Sponsored by
Westpac
Guang-Hua Lian , School of Mathematics and Applied Statistics, University of Wollongong, Australia
| Time: | 5:15-7:00 pm |
| Date: | Thursday 17 September 2009 |
| Venue: | Westpac Conference Centre, Plaza Level, 60 Martin Place, Sydney |
Since the inception of the volatility index (VIX) by the CBOE in 1993, in particular, the introduction of the VIX futures by CBOE in 2004, various pricing models with stochastic volatilities have been proposed to value VIX futures. However, rarely could an analytic closed-form solution be found, especially for models that include jumps in both VIX and its volatility. This study fills a gap in the field of pricing VIX futures by deriving a closed-form exact solution for the fair value of VIX futures under stochastic volatility model with simultaneous jumps in the asset price and volatility processes. The derivation of this formula for VIX futures with a very general dynamics of VIX represents a substantial progress in identifying and developing more realistic VIX futures models and pricing formulae.
With the newly-found pricing formula available, especially with its great computational efficiency, we were also able to conduct empirical studies, aiming at examining the performance of four different stochastic volatility models with or without jumps. More importantly, using the Markov chain Monte Carlo (MCMC) method to analyze a set of coupled VIX and S&P500 data, we demonstrate how to estimate model parameters, which is a crucial step for any fancy mathematical model to be of practical use.
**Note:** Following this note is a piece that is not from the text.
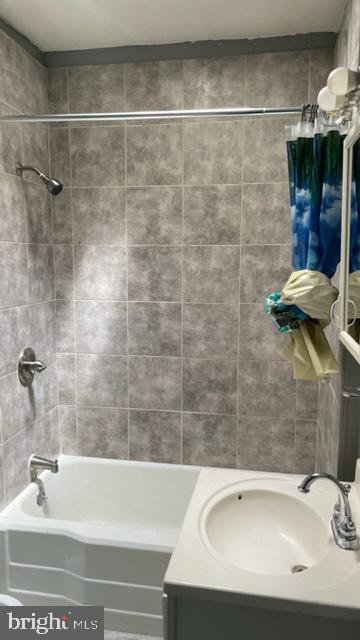 CURTIS BAY - Residential Lease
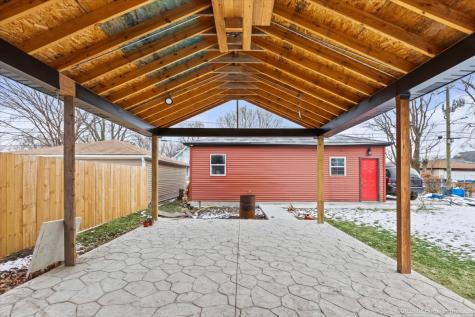 12531 South Honore Street Calumet Park IL 60827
Through these empirical studies, we are able to compare the pricing performance of four models, of which analytical pricing formulae have been found and presented in this paper.
Here is a copy of the presentation slides.
Guang-Hua Lian is completing his PhD at the School of Mathematics and Applied Statistics, University of Wollongong. This is joint work with his supervisor, Professor Song-Ping Zhu.